Extra virgin olive oil

to taste

Grated Grana Padano

3 spoons

first courses from Italy

Soup of buckwheat

Soup of buckwheat

vegetarian with lactose high in fiber high in iron high in calcium source of C vitamins high in potassium

ready in

1 hour


daily requirement

100% Fat

100% Protein

100% Carbohydrates

translated by Italian with google translate

Soup of buckwheat

A first light and tasty

Soup of buckwheat step 1

step 1

Lava and cleanses the potatoes, and then grate in a medium saucepan full of water. Lava and even grater zucchini. Grater also leeks, after having washed and cleansed.
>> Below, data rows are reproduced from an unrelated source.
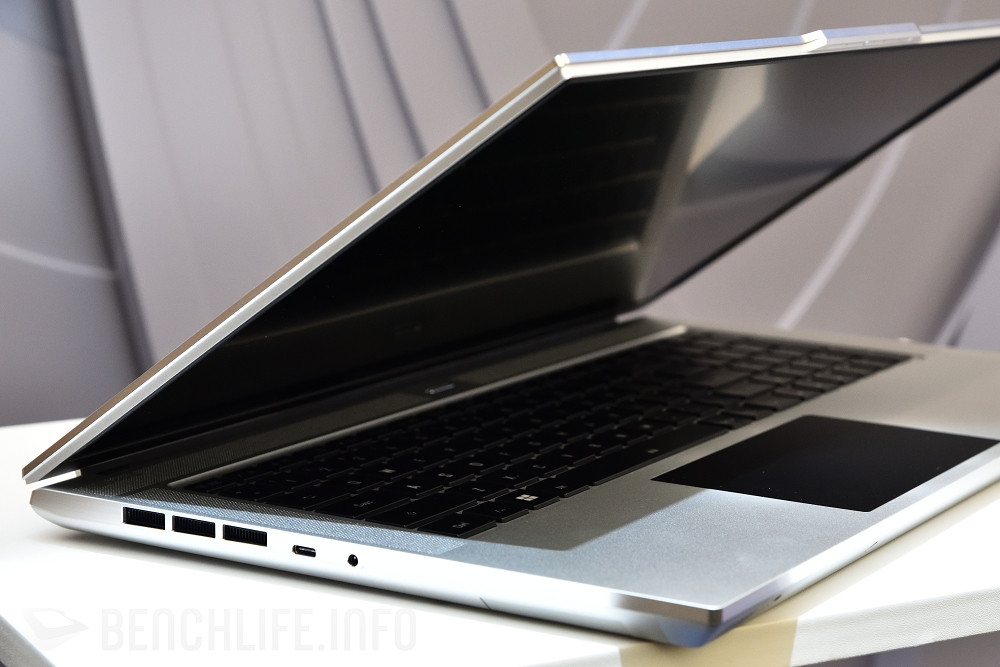 GIGABYTE AERO 17 (3)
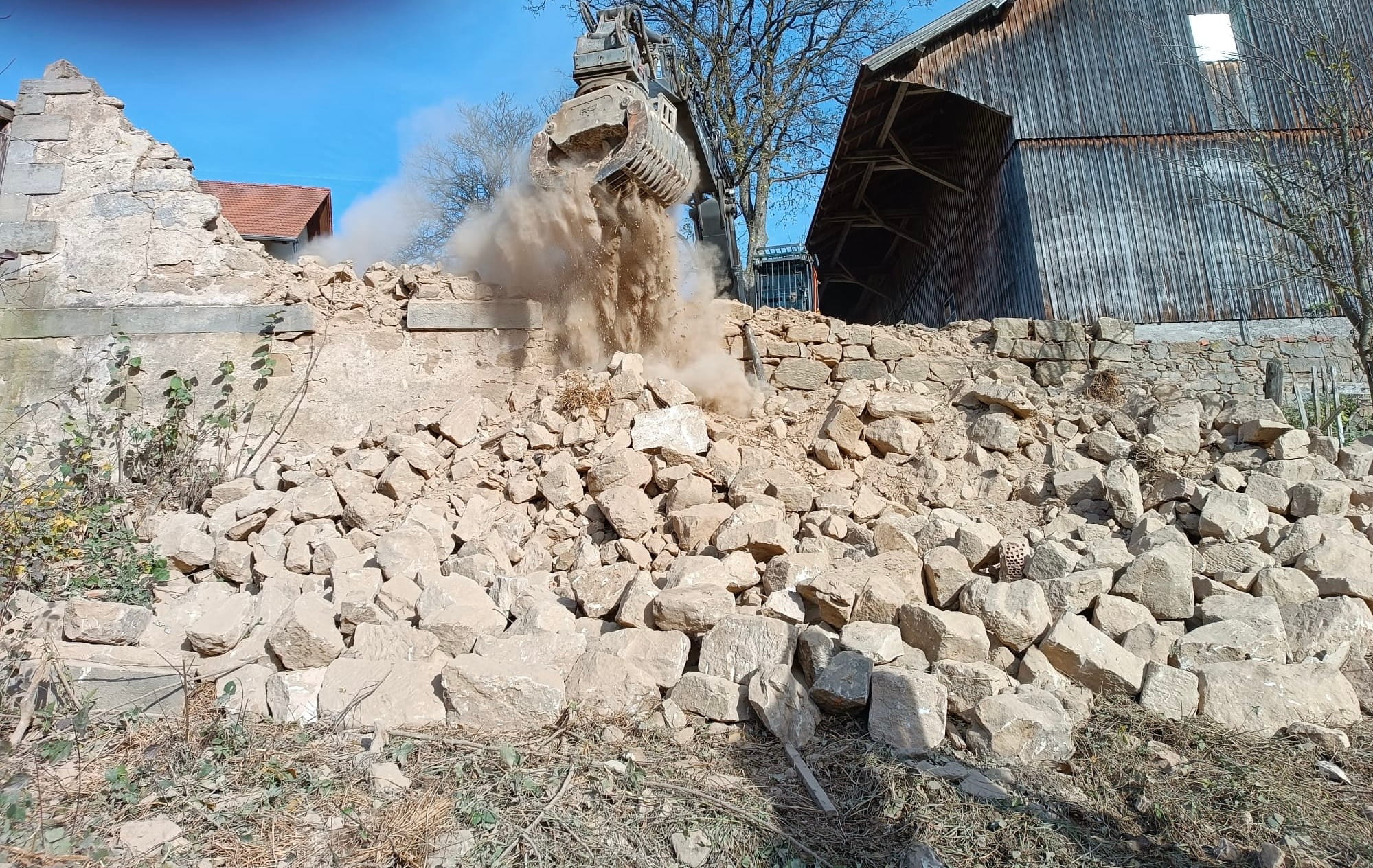 burgkhardt_erdbau_bagger_abbruch_haus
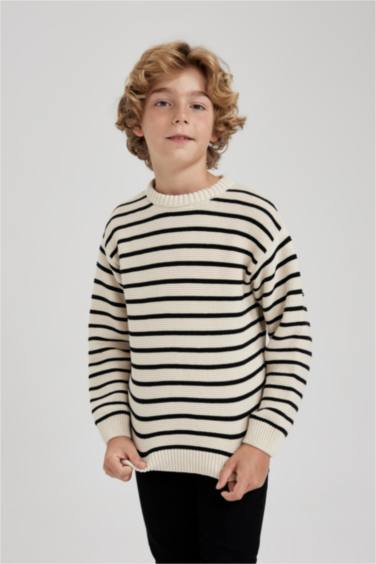 Свитер стандартного кроя для мальчиков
Add the bay leaf, sage and ginger.

Soup of buckwheat step 2

step 2

Blanch the tomatoes when their skins begin to split just remove them from the water and privali skin. Cut them coarsely in a dish, receiving the juice. Just add water with vegetables.

Soup of buckwheat step 3

step 3

Cook the vegetables over high heat. Add half-cooked salt and a little oil. After a while ', even a spoonful of parmesan. Continue until the vegetables are well cooked and tasty.

Soup of buckwheat step 4

step 4

Add to broth prepared the buckwheat and stir occasionally if the water is abundant, get rid of it with a ladle and put it aside, it might serve later.

Soup of buckwheat step 5

step 5

When cooked with salt if necessary and serve the soup into a bowl, add a little olive oil and Parmesan cheese.